Rabbenu
A Discussion of Messianic Judaism, the Emerging Messianic Jewish Paradigm, and Related Leadership Issues from the Preoccupied Mind of Rabbi Stuart Dauermann, PhD.
All Contents ©2004-2007 Stuart Dauermann - ALL RIGHTS RESERVED
Tuesday, April 11, 2006
Being Ethically Prophetic
(The following is a sermon preached on Shabbat Tsav/Hagadol, April 8, 2006, at Ahavat Zion Messianic Synagogue, Beverly Hills, CA. It concerns certain ethical imperatives we often ignore, but which Hashem emphasizes).
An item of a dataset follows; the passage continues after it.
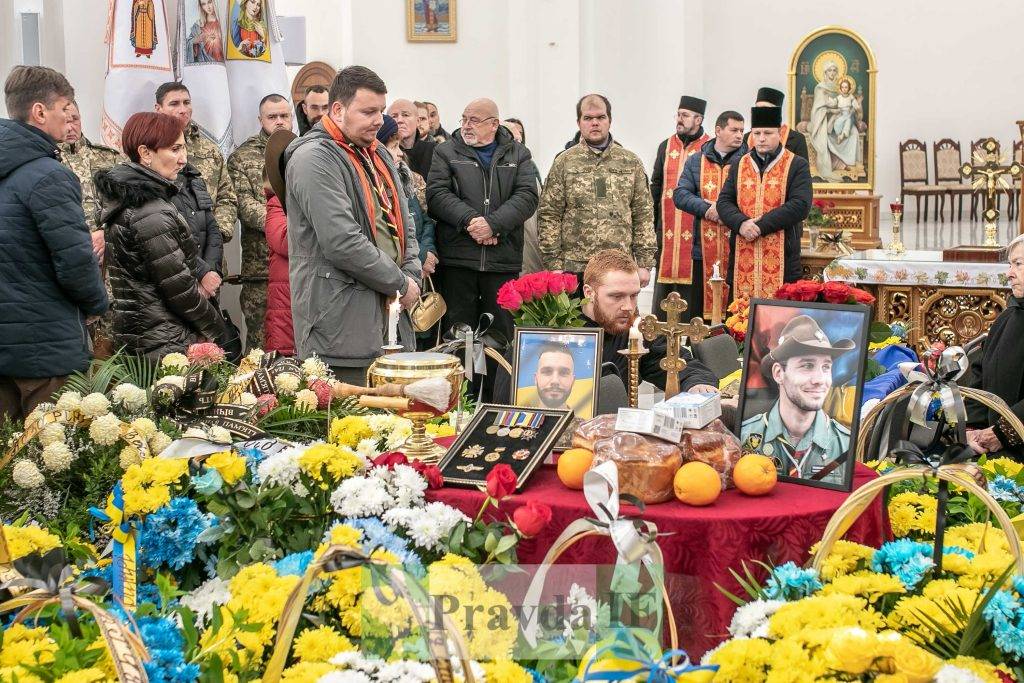 Прощання з Назарієм Лугарєвим,Прощальна Служба Божа за Назарієм Лугарєвим,прощання з Назаром Лугарєвом у Франківську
4 Then the offerings of Judah and Jerusalem shall be pleasing to the Lord as in the days of yore and in the years of old. 5 But [first] I will step forward to contend against you, and I will act as a relentless accuser against those who have no fear of Me: Who practice sorcery, who commit adultery, who swear falsely, who cheat laborers of their hire, and who subvert [the cause of] the widow, orphan, and stranger, said the Lord of Hosts.
I remember a joke of Steve Martin’s which a friend of mine related to me. Martin said, “I believe in eight of the ten commandments.” My friend laughed about this as he told me, saying, “You end up wondering, which two did he leave out?”
Come to think of it, all of us have our favorite lists of sins—the sins we consider to be big ones, and the sins we consider to be little ones. In Jewish tradition, there is much discussion about this, and even Yeshua was asked by someone, Teacher? Which is the greatest commandment in the Torah?” This question, in Jewish terms, inquired as to which commandment or commandments constituted the foundation for all the others.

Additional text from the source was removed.